───── RECORDS SUPPLIED ─────

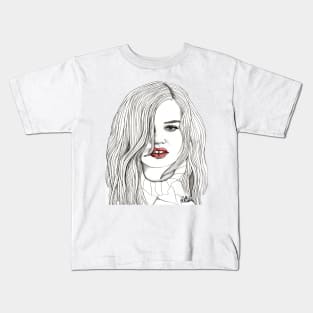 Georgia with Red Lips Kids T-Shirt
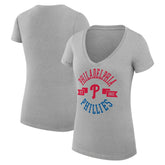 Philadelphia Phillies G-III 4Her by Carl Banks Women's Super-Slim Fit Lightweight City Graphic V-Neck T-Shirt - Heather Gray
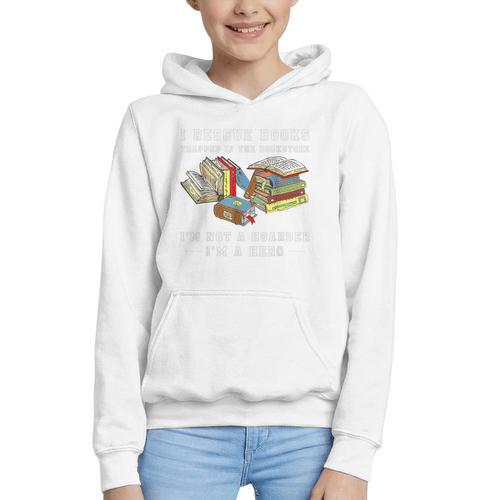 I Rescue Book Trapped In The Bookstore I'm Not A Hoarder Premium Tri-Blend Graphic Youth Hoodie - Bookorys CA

─────
───── RECORDS SUPPLIED ─────

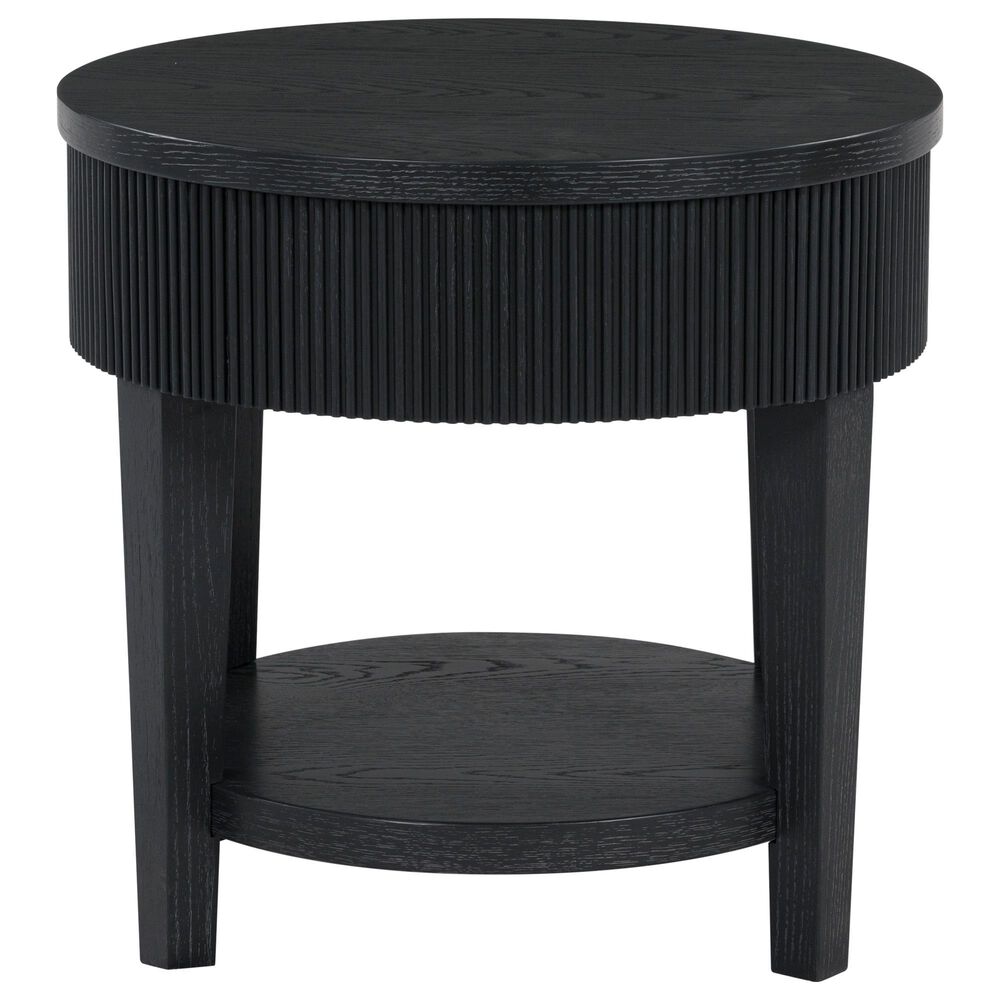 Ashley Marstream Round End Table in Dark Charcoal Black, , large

─────

- _TO DO_: The stretch to restate runs from the line above containing "Georgia with Red Lips Kids T-Shirt" through the line containing "I Rescue Book". Copy it word for word, ends included, without pictures.

- _PROBLEM SOLUTION_:
 Georgia with Red Lips Kids T-Shirt
 Philadelphia Phillies G-III 4Her by Carl Banks Women's Super-Slim Fit Lightweight City Graphic V-Neck T-Shirt - Heather Gray
 I Rescue Book Trapped In The Bookstore I'm Not A Hoarder Premium Tri-Blend Graphic Youth Hoodie - Bookorys CA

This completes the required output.